Hits und viel Froufrou

„‚Carmen‘ ist ein unsterblicher Hit geworden, weil die Musik so unglaublich schön ist und mit großer Emotion und der Leichtigkeit einer Operette geschrieben wurde – und die Oper hat eine der faszinierendsten Protagonistinnen aller Zeiten“, sagt Regisseurin Lotte de Beer. Stimmt. Die Rolle der Carmen ist der fast noch größere Hit: Eine Frau will ein selbstbestimmtes Leben. Will Freiheit. Will Liebe. Will Sex.
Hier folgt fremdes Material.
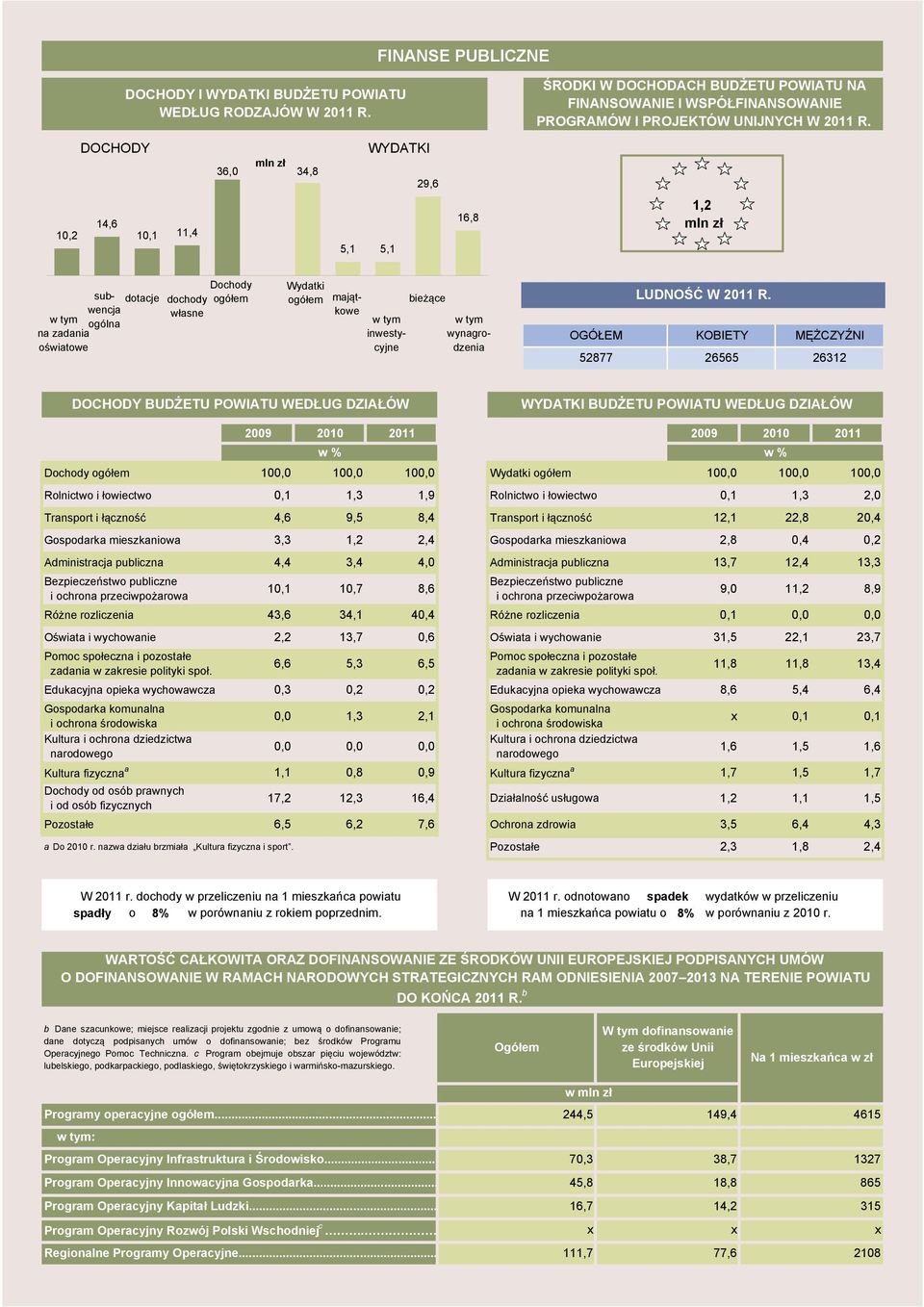 ,2 mln zł dotcje dochody łsne subencj tym ogól zdni ośitoe mjątkoe tym inestycyjne bieżące tym ygrodzeni OGÓŁEM 52877 LUDNOŚĆ W 20 R.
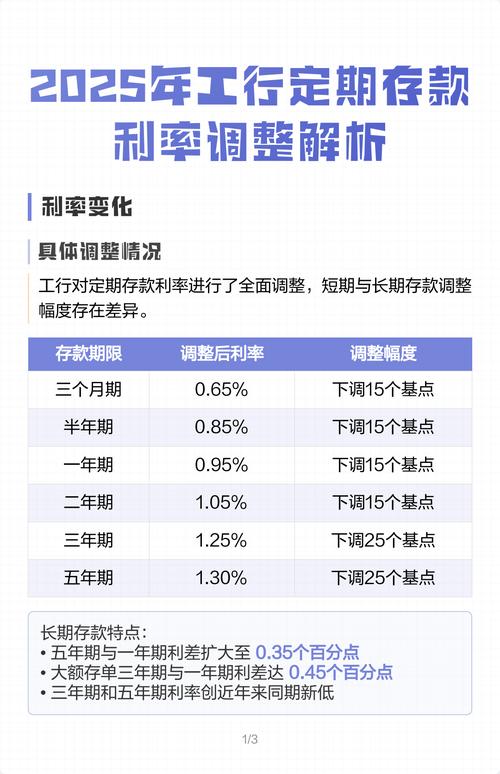 定期存款利率调整2023_银行存款利率下调_中国工商银行存款利率2026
Und verdreht dem tragischen Helden Don José derart den Kopf, dass dieser vom Militär desertiert und zum Schluss sogar zum Mörder wird.

De Beer: „Ist Carmen tatsächlich die freie, unabhängige Frau, für die wir sie halten, oder ist sie vielmehr die Gefangene des Mythos von der freien, unabhängigen Frau? Sind es nicht gerade die Männer, die ihr diese Unabhängigkeit andichten, damit sich ihre Eroberung umso mehr lohnt? Vielleicht ist ihr Leben keine Reihe provokanter Entscheidungen, vielleicht ist es bloß ein Drehbuch, in dem sie die Rolle spielt, die sie spielen muss.“

Bedeutet: Die Volksopern-„Carmen“ spielt mit einer Theatermetapher, in der Carmen glaubt, sie sei die Einzige, die die Spielregeln kennt. Dann aber versteht sie, dass sie darin nur eine Funktion hat: zu sterben.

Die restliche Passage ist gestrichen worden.